But where such matters as performances in places such as China or Oman are concerned, there are no excuses. Either you are aware of and concerned about the plentiful evils of this world today or you are not. If you are, or purport to be, you must keep aware, keep current, and behave accordingly. The fight against evils is something else that is not 'snackable', and the case that most bothered me recently was that of Ivan Fischer's appearance in Abu Dhabi.
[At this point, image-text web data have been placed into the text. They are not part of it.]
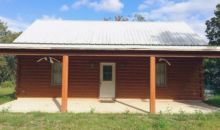 124 SARASOTA ST Florahome, FL 32140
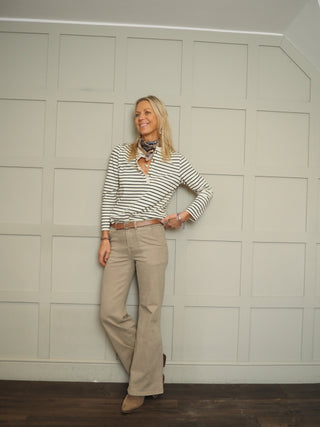 Grai Jeans with Stretch &amp; Pockets, Best Seller - 12 Variations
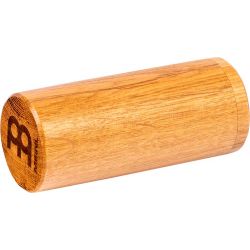 MEINL SH59 WOOD SHAKER, ROUND, LOUD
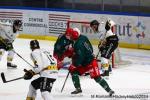 Photo hockey match Rouen - Cergy-Pontoise le 23/08/2024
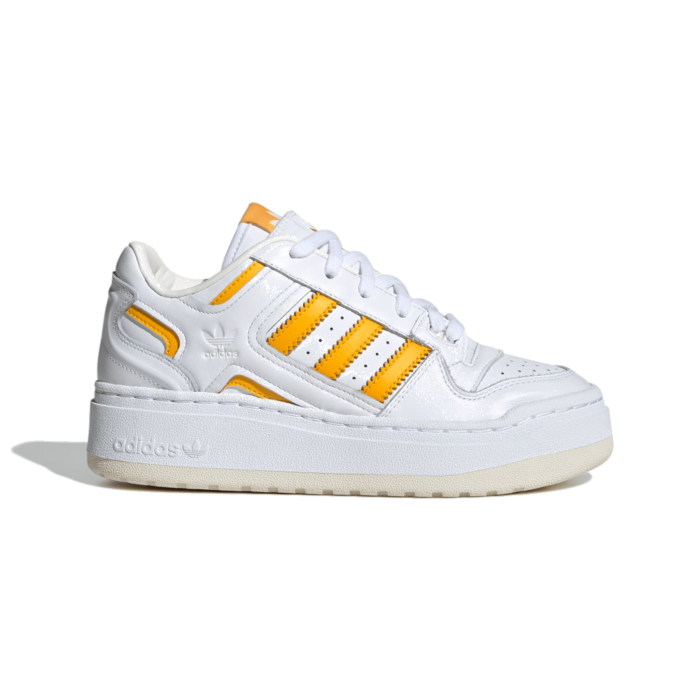 adidas Forum XLG Cloud White IE0235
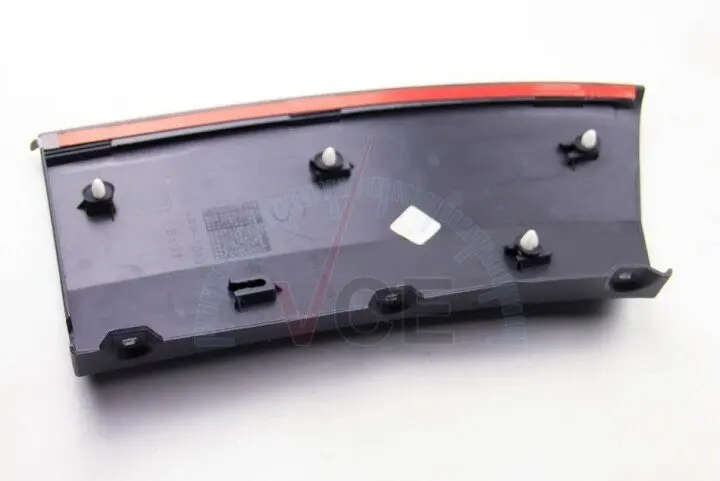 16 104 617 80 Citroen, Peugeot, Groupe PSA 1610461780 (фото 1)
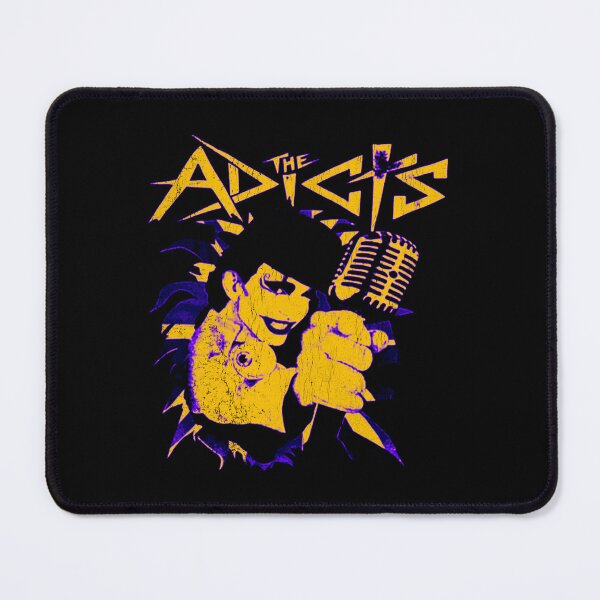 Item preview, Retro 90s Punk  designed and sold by AltAesthetic.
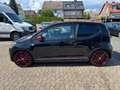 Volkswagen up! colour up! Negro - thumbnail 4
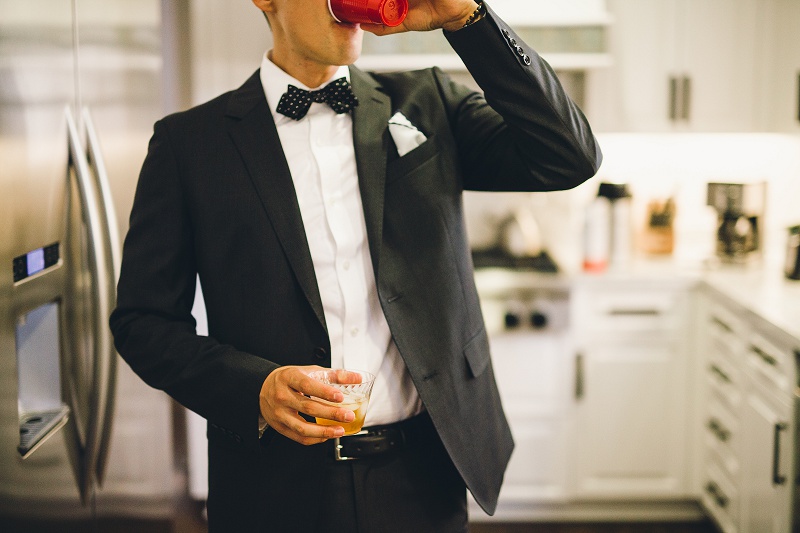 Charles_Farrell_Compound_Palm_Springs_Wedding_024.jpg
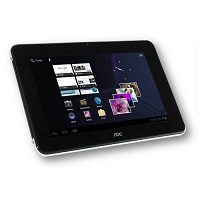 How to put your AOC MW0710 Breeze Tab 7 in Recovery Mode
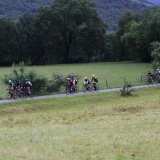 Bikecat-Transpirinaica-Cycling-Tour-2018-006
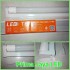 Lampu Neon LED T8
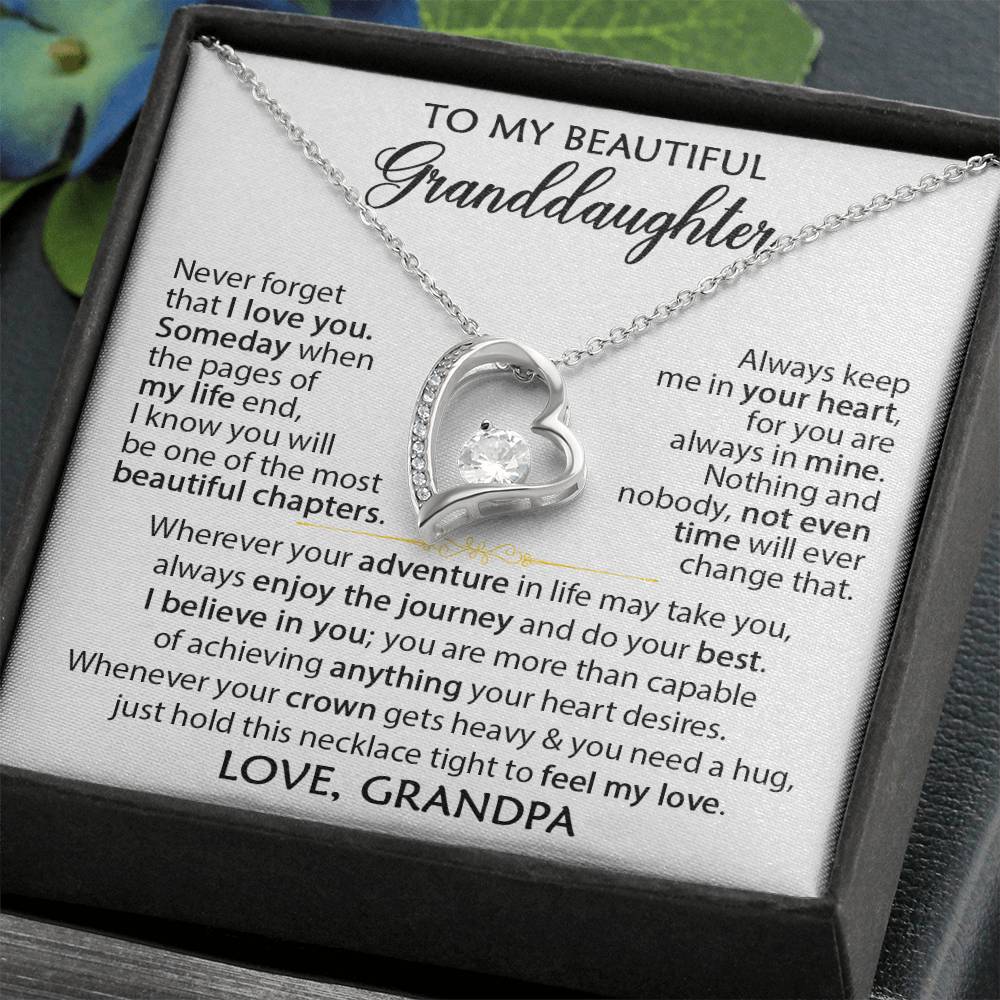 6 grandd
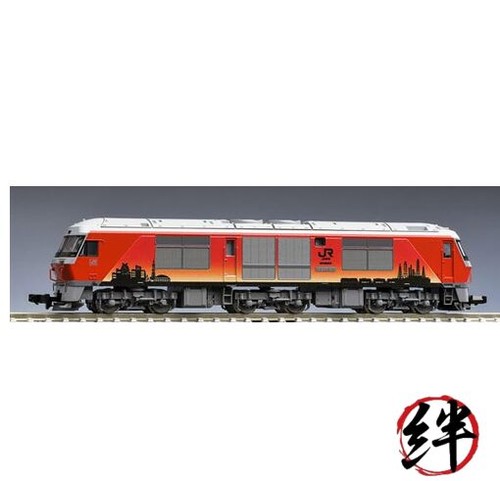 Tomix gauge df200 200 - df200-200, no
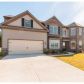 4660 Orchard View Way, Cumming, GA 30028 ID:15159784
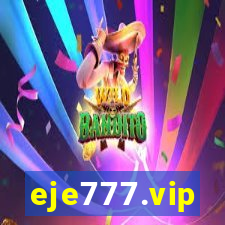 eje777.vip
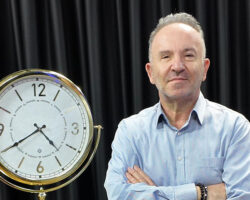 Medikal estetikte doğru bilinen 3 yanlış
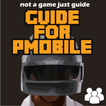 Walktrough for battle-ground mobile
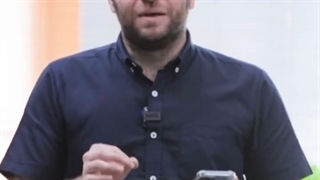 5 پیشنهاد برای شغل های آینده دار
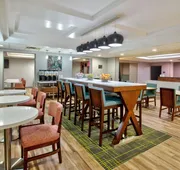 Hampton Inn Daytona/Ormond Beach hotel detail image 5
I am reminded of what remains in my mind as the most remarkable 'musical sight' I've ever seen. Claudio Arrau left Chile at age eight and never lived there again. Rather, he became a very Germanic resident of the U.S. But after the Pinochet coup, he refused to perform in Chile. There was once on YT a video of him performing the 'Emperor' in a cathedral in Chile after Pinochet's fall, and the views of the audience riveted me. There were young children, smartly turned-out adults, people from rural areas who had walked into the city to hear and see 'Claudito', as he was still known, all with their eyes fixed on him with a look little short of adoration, if short at all, so much did he and his quiet gesture mean to them. If musicians need to be reminded of the power and influence for good they may have, they have lost touch with a tradition that goes back at least to the title page of the score of Beethoven's 'Eroica'. I am totally unbending on this. There is no Karajan in my collection, and most certainly no Karl Bohm, Clemens Krauss, Elly Ney...the notion of Beethoven filtered through such minds is obscene to me. A remaining mystery for me, by the by, is how Bohm, who urged the members of the VSO to vote for the Anschluss (as if they needed urging!) escaped untouched when Furtwangler was so relentlessly pursued. Today, as I snuffle and cough away, I'm going to listen to Arrau and Casals and think more on this.
Autolenaphilia said…
I find it impossible to find easy answers in cases like this. The dictatorships of China and Oman are certainly evil, but our liberal capitalist democracies is often complicit in evil as well. The case of Chile is a good example, as Pinochet was supported by the USA every step of the way. Arrau's decision to not perform in Pinochet's Chile was commendable, but was living in the US much better? He remained silent as well, to the best of my knowledge, on the Vietnam War.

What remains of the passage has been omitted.